The Director Of FDA Has Called For Investigation Of FDA’s Evaluation Of Alzheimer’s Drugs

WASHINGTON — On Friday, the acting FDA commissioner asked for an inquiry into extremely unusual connections between some of her agency’s drug reviewers and the developer of a contentious new Alzheimer’s drugs.

Dr. Janet Woodcock made the unexpected announcement on Twitter. It’s the latest repercussion of the FDA’s approval of Aduhelm, a costly and untested treatment that the agency approved despite the recommendation of its own independent experts last month.

The inspector general of the Department of Health and Human Services, which supervises the FDA and other federal health agencies, received Woodcock’s request. Medical professionals, consumer activists, and members of Congress have all called for an investigation into the approval. Two congressional committees have begun their own investigation.

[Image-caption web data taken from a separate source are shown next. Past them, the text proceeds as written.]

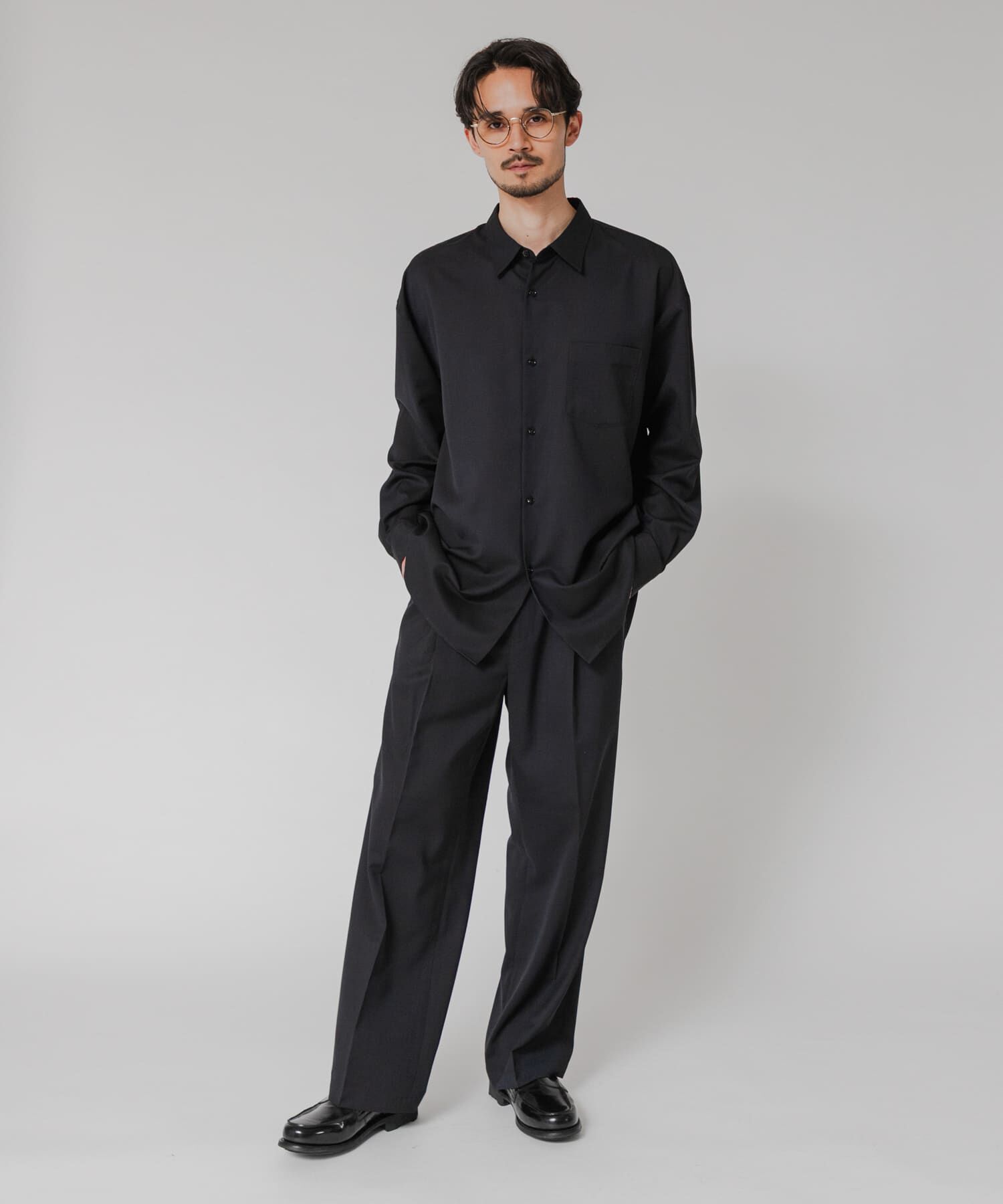 URBAN RESEARCH「『洗濯可/防シワ/接触冷感』WASHABLE WOOL EASY TROUSER」|その他|ネイビー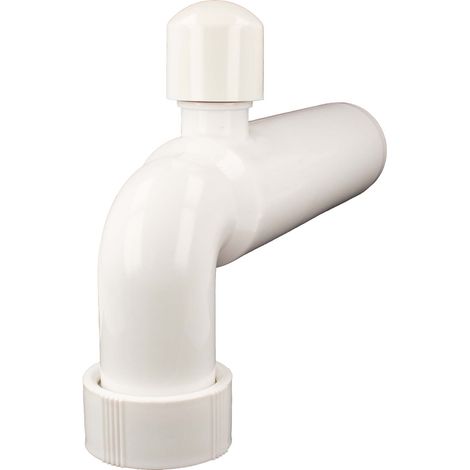 tecuro Abgangsbogen Ø 50 mm - mit Rohrbelüfter - PP weiß (1/5)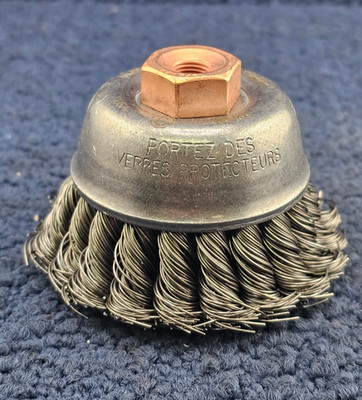 (QTY 3) Osborn 33461: Cup Brush 2-3/4 in-0.02 in Carbon Steel Knotted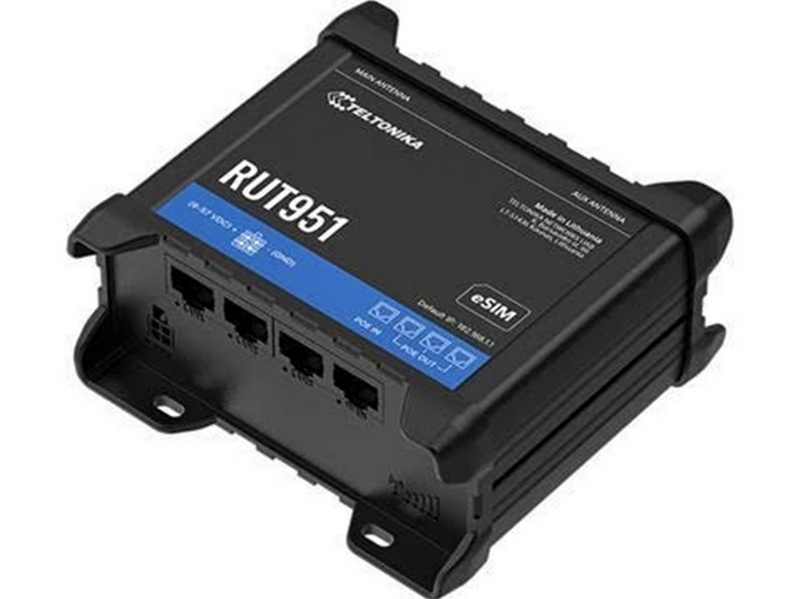 Teltonika RUT951 (RUT951B10K00 PoE+) - Wireless router LTE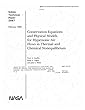 Conservation Equations and Physical Models for Hypersonic Air Flows in Thermal and Chemical Nonequilibrium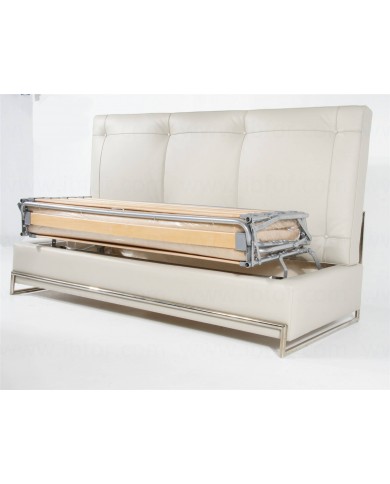Canapé-lit EILEEN GRAY avec conteneur en cuir de différentes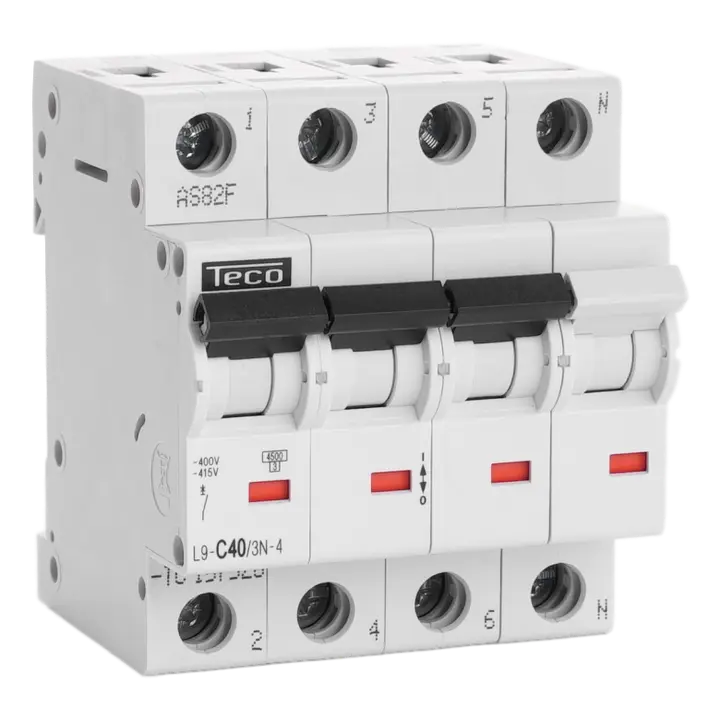 AUTOMAAT 4P 40A 4.5kA Curve C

On Twitter, Woodcock remarked, “We feel an independent evaluation is the best way to establish if any contacts between the manufacturer and the agency’s review personnel were inconsistent with FDA’s standards and procedures.”

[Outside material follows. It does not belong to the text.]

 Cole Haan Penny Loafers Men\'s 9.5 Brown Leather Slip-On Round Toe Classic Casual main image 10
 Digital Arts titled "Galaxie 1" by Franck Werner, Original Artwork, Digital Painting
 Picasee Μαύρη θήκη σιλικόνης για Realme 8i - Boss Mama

Last month, the health news site Stat revealed numerous new details concerning Aduhelm manufacturer Biogen’s extremely tight engagement with the FDA’s medication review personnel. An unrecorded meeting between a top Biogen executive and the FDA’s chief reviewer for Alzheimer’s medicines was disclosed by the site in May 2019.

The conference came after Biogen halted two trials because the medication didn’t appear to reduce disease progression as expected. Biogen and the FDA collaborated on reanalyzing the data and came to the conclusion that the medication could actually function. The medication was conditionally approved two years later, based on the fact that it decreased the formation of sticky plaque in the brain, which is considered to have a role in Alzheimer’s disease.

Interactions between FDA officials and representatives from the pharmaceutical sector are tightly regulated and nearly always meticulously documented. It’s unclear whether the meeting in May 2019 broke any agency regulations.

Since authorizing the medication, which costs $56,000 a year and needs monthly IVs, the FDA has faced a barrage of criticism. The government took the rare step of drastically reducing prescription instructions on the medication on Thursday. The FDA and Biogen stated that the revised label will only suggest it for individuals with moderate or early-stage Alzheimer’s disease. Many physicians had questioned the initial label, which said merely that medication may be used in anybody with Alzheimer’s disease.

Aduhelm hasn’t been demonstrated to be effective in reversing or slowing the progression of the illness. However, the FDA believes that its capacity to decrease plaque clumps in the brain will likely slow dementia. Biogen is obliged to undertake follow-up research to determine if the treatment is effective. Other Alzheimer’s medicines only help with symptoms for a short time.

Since January, Woodcock has been acting as the agency’s commissioner. She previously served as the director of the agency’s narcotics center for more than 25 years. While she is well-liked in government and the pharmaceutical sector, she has been chastised for rushing to approve new medicines even when their advantages are uncertain.